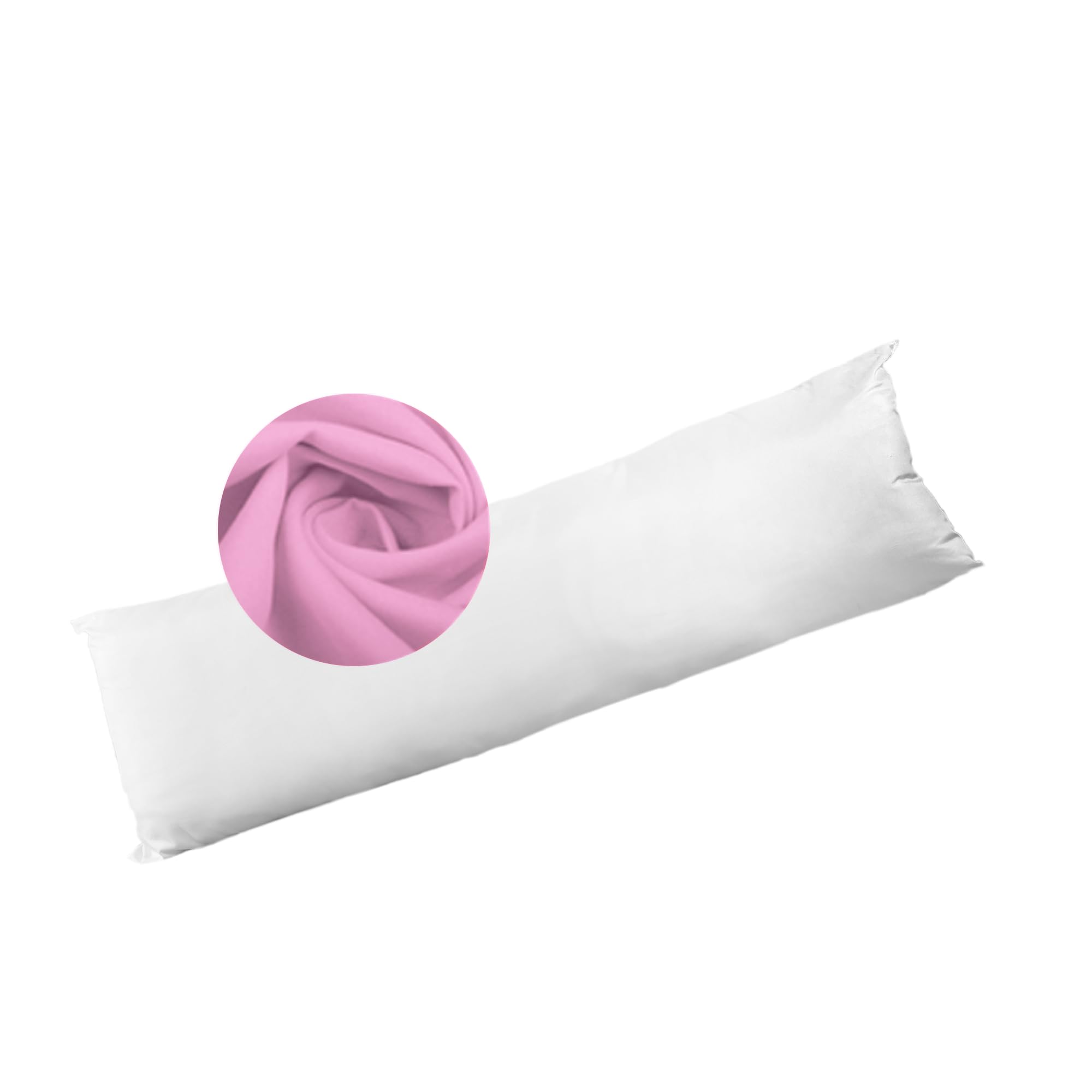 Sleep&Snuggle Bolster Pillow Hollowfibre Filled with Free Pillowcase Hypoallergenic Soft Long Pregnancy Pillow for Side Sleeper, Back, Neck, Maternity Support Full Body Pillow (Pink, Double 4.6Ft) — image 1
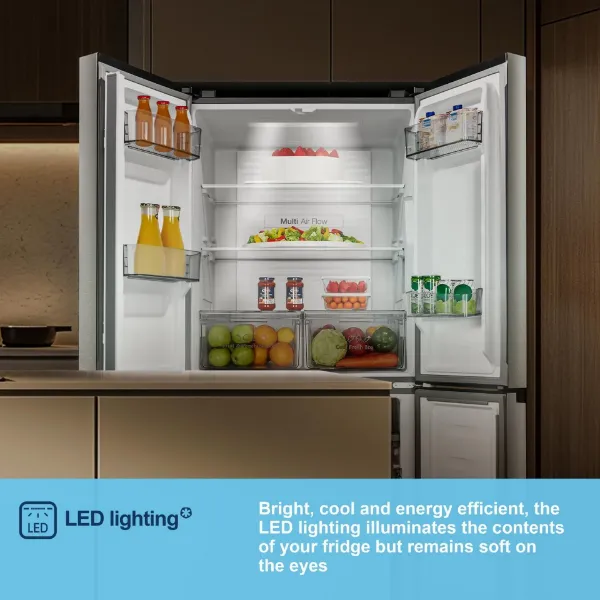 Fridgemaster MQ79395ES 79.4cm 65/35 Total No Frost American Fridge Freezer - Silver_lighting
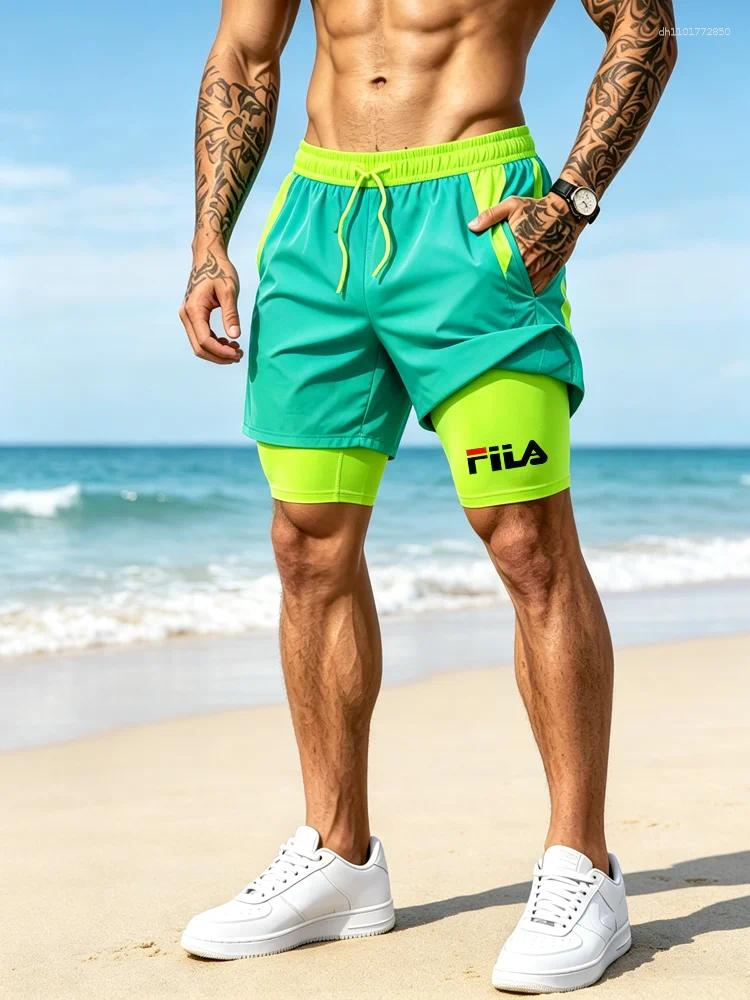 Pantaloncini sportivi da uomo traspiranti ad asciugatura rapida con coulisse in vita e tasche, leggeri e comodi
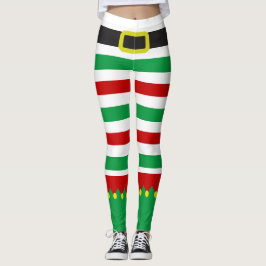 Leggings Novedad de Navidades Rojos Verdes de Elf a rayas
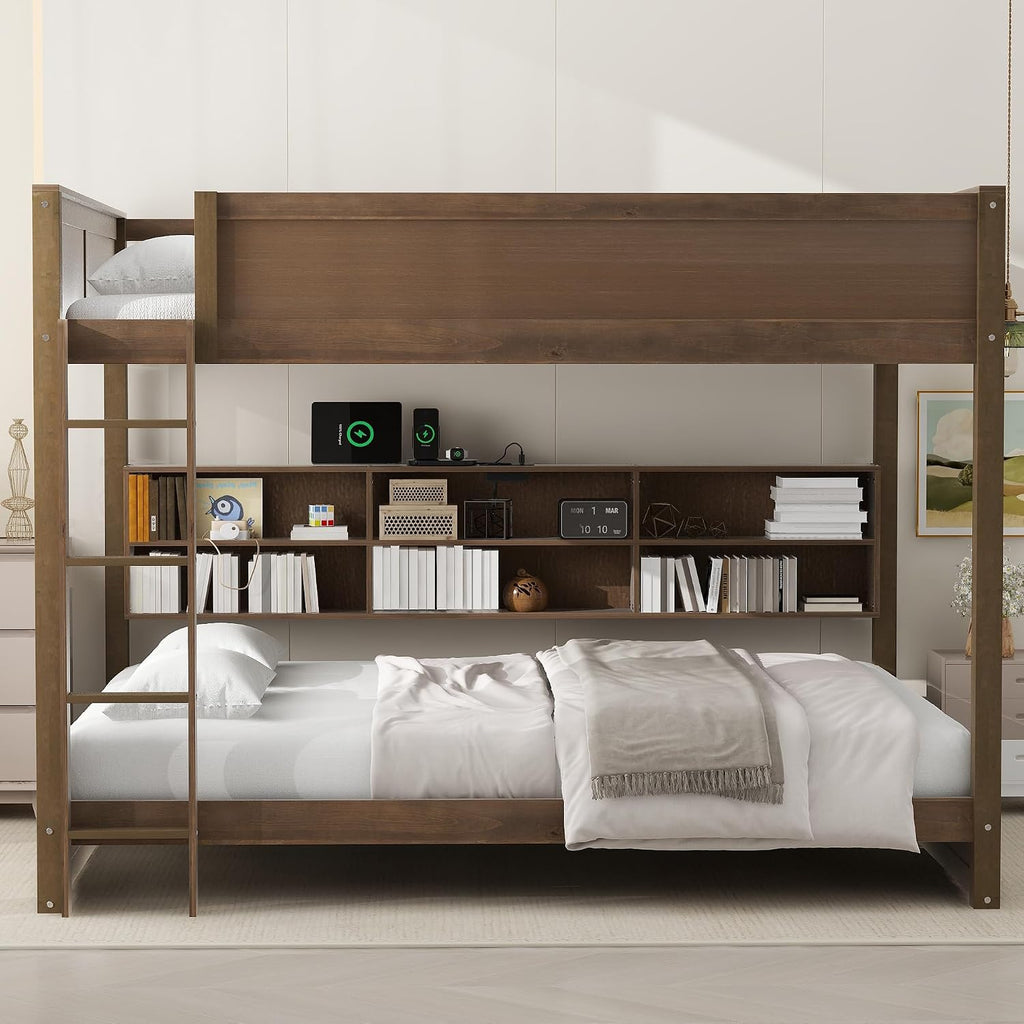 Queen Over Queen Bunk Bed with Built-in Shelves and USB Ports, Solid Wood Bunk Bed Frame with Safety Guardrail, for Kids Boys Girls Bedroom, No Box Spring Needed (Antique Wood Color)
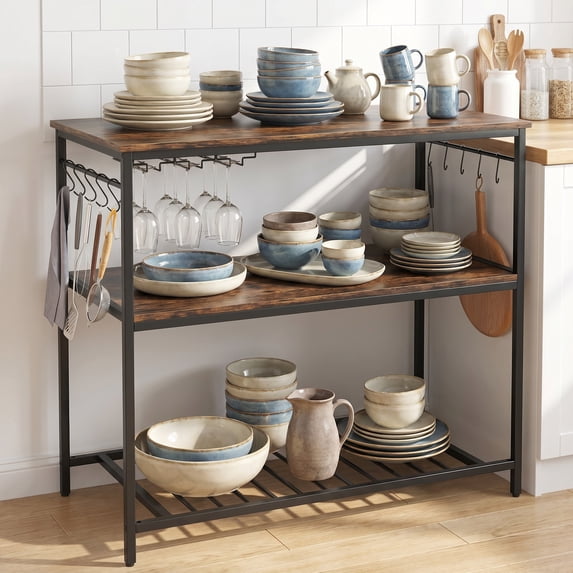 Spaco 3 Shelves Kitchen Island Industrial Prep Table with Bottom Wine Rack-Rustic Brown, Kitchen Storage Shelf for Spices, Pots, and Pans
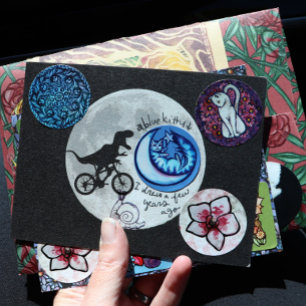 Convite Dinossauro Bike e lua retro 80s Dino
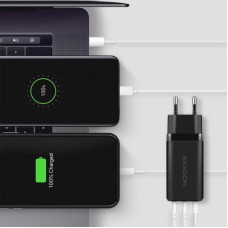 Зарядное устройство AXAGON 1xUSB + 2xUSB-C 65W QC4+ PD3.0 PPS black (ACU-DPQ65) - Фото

* * *

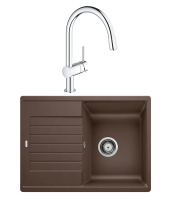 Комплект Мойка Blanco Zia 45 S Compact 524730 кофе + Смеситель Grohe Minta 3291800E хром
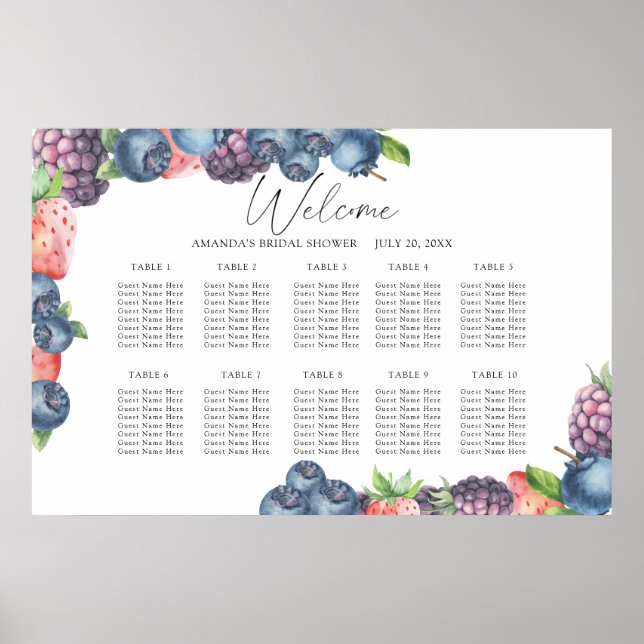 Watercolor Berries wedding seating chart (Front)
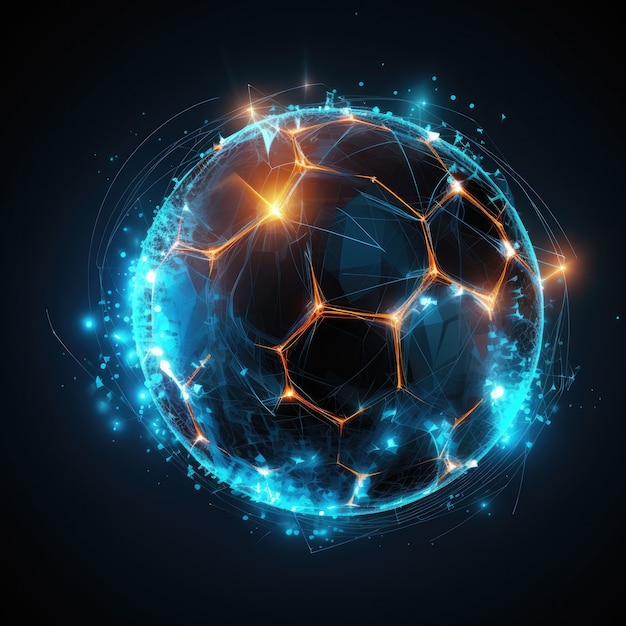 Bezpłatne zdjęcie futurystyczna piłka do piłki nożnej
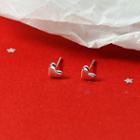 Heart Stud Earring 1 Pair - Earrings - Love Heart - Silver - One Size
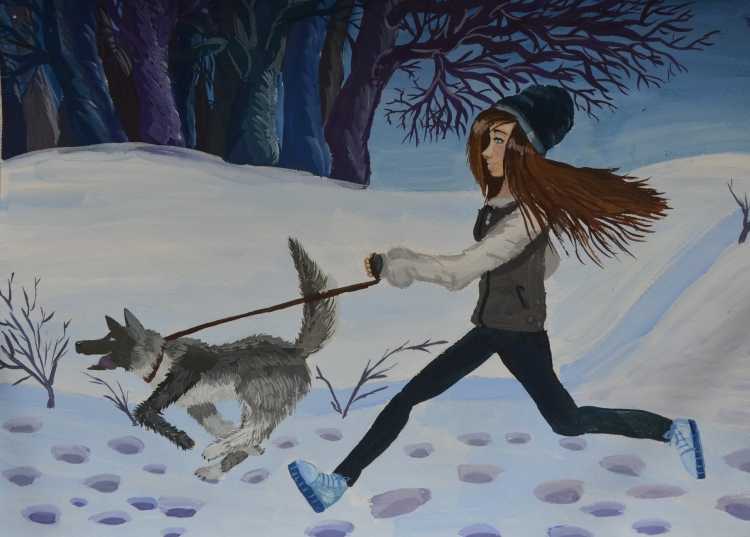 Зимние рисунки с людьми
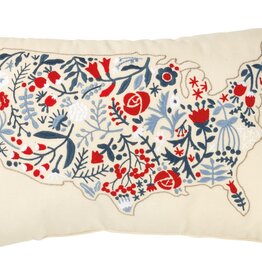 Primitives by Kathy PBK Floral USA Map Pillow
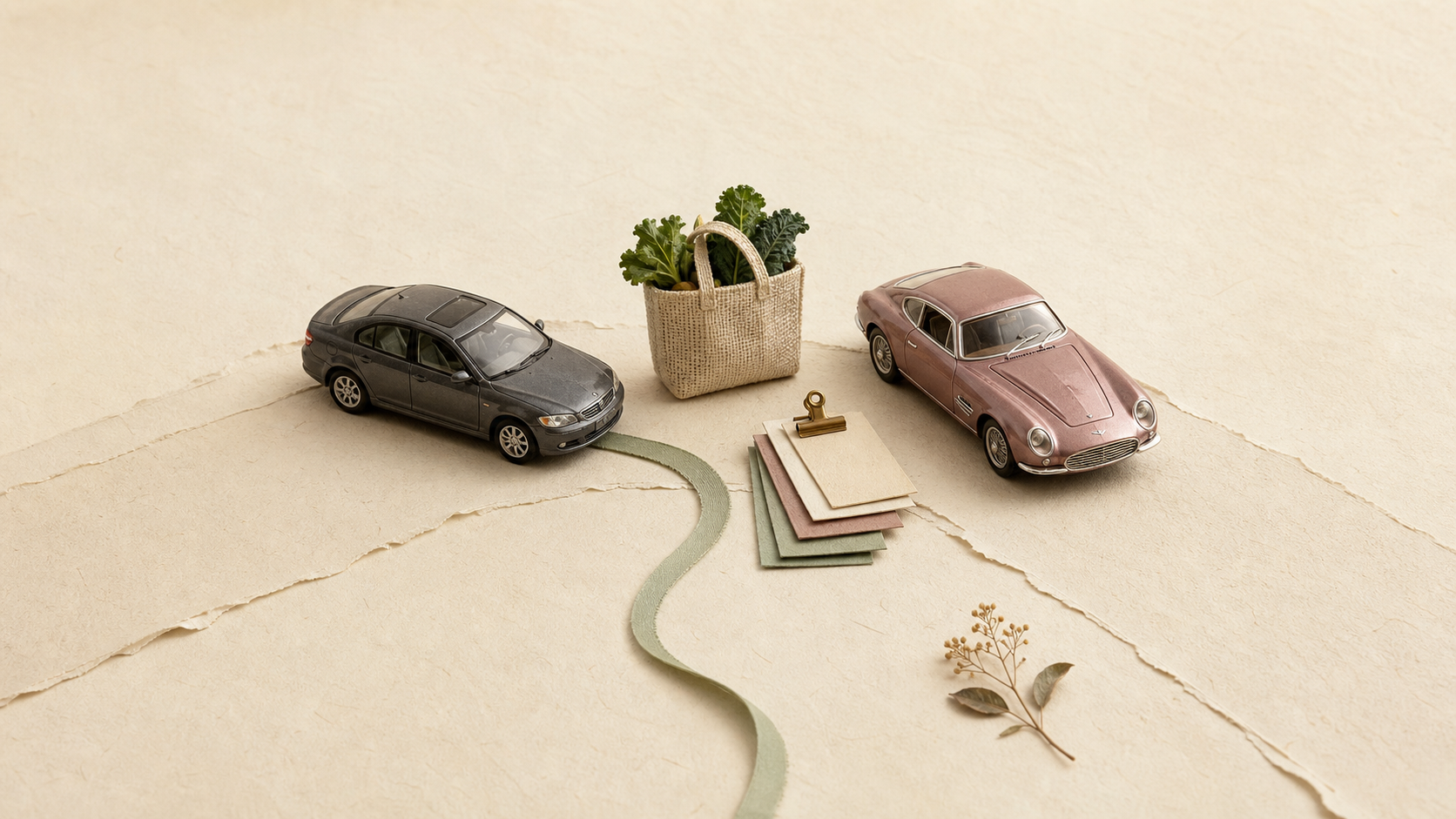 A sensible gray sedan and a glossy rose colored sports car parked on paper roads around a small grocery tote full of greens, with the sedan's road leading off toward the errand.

- Directions for this task -
What belongs in the answer is each line above from the line with "Spaco 3 Shelves" to the line with "Зарядное устройство AXAGON", inclusive, reproduced exactly and free of pictures.

- Response to the task -
 Spaco 3 Shelves Kitchen Island Industrial Prep Table with Bottom Wine Rack-Rustic Brown, Kitchen Storage Shelf for Spices, Pots, and Pans
 Convite Dinossauro Bike e lua retro 80s Dino
 Зарядное устройство AXAGON 1xUSB + 2xUSB-C 65W QC4+ PD3.0 PPS black (ACU-DPQ65) - Фото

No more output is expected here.